-- WHAT THE TASK REQUIRES --
The output should consist solely of the lines running from the one that contains "Source AS Numbers (ASNs)" through the end of the records below, copied exactly.

-- DATA TO PROCESS --
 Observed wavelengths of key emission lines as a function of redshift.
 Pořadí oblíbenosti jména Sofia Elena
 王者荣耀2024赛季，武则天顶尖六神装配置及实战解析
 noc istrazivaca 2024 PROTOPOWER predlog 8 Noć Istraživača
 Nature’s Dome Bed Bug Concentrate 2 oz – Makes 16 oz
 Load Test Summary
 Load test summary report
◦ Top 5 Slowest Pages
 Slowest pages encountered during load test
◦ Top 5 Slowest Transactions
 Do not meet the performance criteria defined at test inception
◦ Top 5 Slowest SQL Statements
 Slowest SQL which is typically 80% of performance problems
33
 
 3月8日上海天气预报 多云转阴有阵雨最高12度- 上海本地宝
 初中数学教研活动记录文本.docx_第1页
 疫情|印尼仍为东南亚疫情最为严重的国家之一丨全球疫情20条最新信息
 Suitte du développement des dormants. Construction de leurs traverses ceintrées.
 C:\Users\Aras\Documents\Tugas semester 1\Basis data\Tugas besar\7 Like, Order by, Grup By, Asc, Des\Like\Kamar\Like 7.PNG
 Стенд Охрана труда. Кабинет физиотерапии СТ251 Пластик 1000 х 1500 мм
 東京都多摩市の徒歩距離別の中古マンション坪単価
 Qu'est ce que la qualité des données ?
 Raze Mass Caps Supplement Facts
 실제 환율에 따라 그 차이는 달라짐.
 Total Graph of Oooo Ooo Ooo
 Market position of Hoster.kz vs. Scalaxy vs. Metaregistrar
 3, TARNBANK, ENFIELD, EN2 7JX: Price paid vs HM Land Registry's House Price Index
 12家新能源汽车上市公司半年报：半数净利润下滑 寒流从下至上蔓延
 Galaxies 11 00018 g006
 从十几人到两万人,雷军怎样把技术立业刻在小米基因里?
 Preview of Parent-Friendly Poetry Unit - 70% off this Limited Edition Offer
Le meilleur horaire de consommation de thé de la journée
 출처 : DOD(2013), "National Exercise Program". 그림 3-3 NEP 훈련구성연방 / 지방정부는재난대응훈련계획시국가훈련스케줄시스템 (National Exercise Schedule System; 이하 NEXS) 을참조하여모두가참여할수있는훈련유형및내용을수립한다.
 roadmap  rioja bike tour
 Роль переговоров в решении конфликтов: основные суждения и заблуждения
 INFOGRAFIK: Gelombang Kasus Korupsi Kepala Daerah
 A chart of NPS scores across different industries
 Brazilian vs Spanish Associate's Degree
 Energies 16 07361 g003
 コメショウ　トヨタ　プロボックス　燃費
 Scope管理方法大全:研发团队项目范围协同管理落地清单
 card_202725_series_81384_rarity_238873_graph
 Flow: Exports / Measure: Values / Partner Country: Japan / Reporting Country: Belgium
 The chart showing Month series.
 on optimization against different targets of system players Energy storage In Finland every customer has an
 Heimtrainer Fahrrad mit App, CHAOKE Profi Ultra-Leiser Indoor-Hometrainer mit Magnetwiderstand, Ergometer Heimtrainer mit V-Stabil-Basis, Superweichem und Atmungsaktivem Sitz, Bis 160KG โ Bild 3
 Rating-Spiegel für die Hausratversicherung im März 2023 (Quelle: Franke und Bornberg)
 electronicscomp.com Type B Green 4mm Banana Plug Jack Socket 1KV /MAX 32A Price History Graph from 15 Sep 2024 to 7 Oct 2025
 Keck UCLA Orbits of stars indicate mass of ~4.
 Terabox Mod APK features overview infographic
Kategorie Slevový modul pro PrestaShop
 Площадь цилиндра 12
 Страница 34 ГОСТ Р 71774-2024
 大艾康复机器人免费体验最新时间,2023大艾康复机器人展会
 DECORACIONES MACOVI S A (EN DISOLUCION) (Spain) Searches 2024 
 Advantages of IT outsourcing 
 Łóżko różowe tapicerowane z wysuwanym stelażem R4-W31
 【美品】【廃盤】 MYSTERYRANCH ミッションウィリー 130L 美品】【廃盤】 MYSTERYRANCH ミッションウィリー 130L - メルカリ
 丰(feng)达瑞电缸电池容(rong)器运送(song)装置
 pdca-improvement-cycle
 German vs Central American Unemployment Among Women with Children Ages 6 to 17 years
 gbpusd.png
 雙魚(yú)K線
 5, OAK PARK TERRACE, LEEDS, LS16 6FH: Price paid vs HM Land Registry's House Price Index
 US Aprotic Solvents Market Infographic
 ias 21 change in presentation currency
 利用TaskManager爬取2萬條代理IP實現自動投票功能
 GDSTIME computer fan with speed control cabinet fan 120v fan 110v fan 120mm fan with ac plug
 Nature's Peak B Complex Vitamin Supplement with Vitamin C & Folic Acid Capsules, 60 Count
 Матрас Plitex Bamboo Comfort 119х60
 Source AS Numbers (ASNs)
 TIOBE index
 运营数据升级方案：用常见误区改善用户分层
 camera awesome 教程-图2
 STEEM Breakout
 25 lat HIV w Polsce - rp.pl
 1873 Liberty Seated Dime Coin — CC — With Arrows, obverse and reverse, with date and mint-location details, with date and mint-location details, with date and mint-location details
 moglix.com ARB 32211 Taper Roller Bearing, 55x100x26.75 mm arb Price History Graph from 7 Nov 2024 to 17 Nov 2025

-- YOUR RESPONSE --
 Source AS Numbers (ASNs)
 TIOBE index
 运营数据升级方案：用常见误区改善用户分层
 camera awesome 教程-图2
 STEEM Breakout
 25 lat HIV w Polsce - rp.pl
 1873 Liberty Seated Dime Coin — CC — With Arrows, obverse and reverse, with date and mint-location details, with date and mint-location details, with date and mint-location details
 moglix.com ARB 32211 Taper Roller Bearing, 55x100x26.75 mm arb Price History Graph from 7 Nov 2024 to 17 Nov 2025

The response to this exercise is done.